Hampir setiap hari, salah satu production house dengan
bangganya mengupdate jumlah penonton film horor produksinya. Ironisnya, itu sama
halnya dengan membangun jump scare tersendiri bagi mereka yang melihat film
sebagai sebuah karya seni bukan industri.
Karena sesuatu yang identik dengan industri, kecenderungannya
adalah komersialisme produk, bukan idealisme karya. Ia bukan lagi bias bahkan
berbeda jauh. Seperti semut dengan gajah.
Yang memprihatinkan juga, hari ini, penonton Indonesia,
masih terlalu senang dikagetkan melalui jump scare-jump scare yang mudah
ditebak, mereka bahkan rela mengganti seliter minyak goreng dengan secarik
tiket.
Dan, kemudian semua produser, semua sutradara cuma memanfaatkan
kedok ‘selera’ untuk melindungi produk (filmnya) agar tak disebut industri yang
cuma punya satu kiblat; untung.
Hasilnya, sampai hari ini bioskop kita cuma melulu tentang hantu,
pocong, kuntilanak dan kawan-kawannya yang lain, karena horor pada prinsipnya
hanya tentang itu-itu saja.
Hari ini juga, kita rindu dengan; Mereka Bilang Saya Monyet,
Perempuan Tanah Jahanam, Pengabdi Setan, Losmen Bu Broto, Filosofi Kopi, dan
tentu saja Nussa: The Movie.
Baca Juga: Mencuri Raden Saleh, Sebuah Renungan untuk Karya yang Tak Ternilai
Jangan Bandingkan Kualitas Film Indonesia dengan Jumlah Penonton
Satu waktu, sutradara Joko Anwar seketika merasa
kolesterolnya naik, kepalanya mendadak pening. Ia ber-satire di cuitan twitter,
seperti menangisi entah dimana film-film bernas yang amat jarang kini.
Ada yang menyebut sebuah film layak disebut berkualitas
cukup dengan menggunakan tolak ukur jumlah penonton.

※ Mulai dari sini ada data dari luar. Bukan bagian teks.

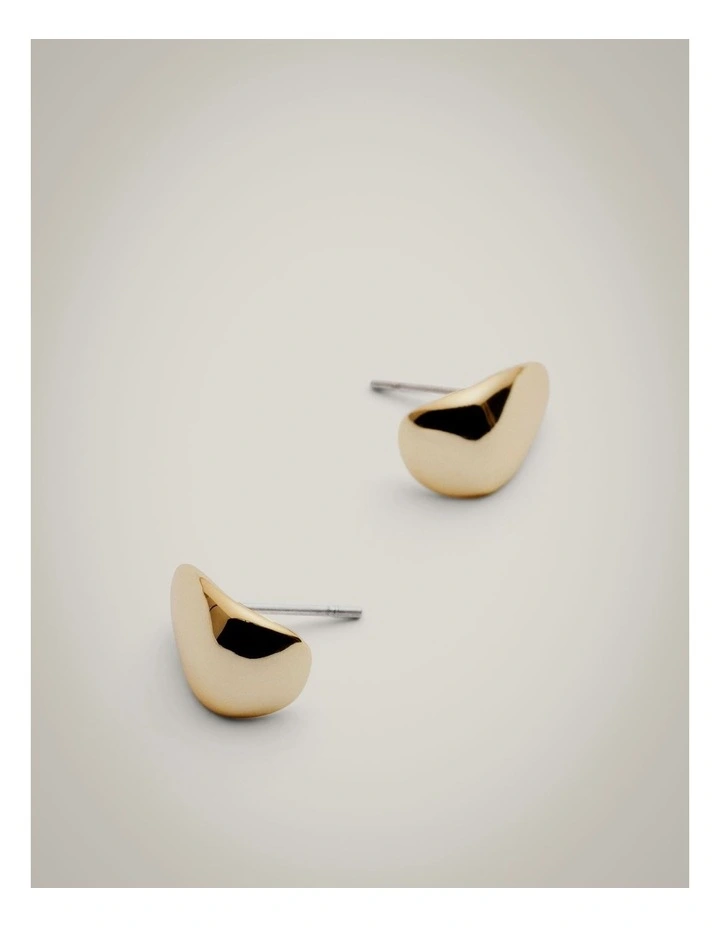 Hayley Huggie Earring Set in Gold image 4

Kenyataannya, penonton
yang ramai tak selalu identik dengan kualitas.
Perlu diketahui, KKN di Desa Penari jelas berbeda dengan Ada
Apa dengan Cinta. Ada Apa dengan Cinta kala itu hadir seolah sebagai momentum
kebangkitan film nasional, ditengah banjirnya film semi yang minim bujet, minim
alur, minim dialog kecuali mengumbar syahwat yang ‘kentang’.
Ada Apa dengan Cinta kala itu menjadi oase, ia bukan opsi
tapi ciri sebuah film sebagai sebuah karya yang bernas dan cerdas dan dengan
berani menawarkan diri diantara film-film semi itu.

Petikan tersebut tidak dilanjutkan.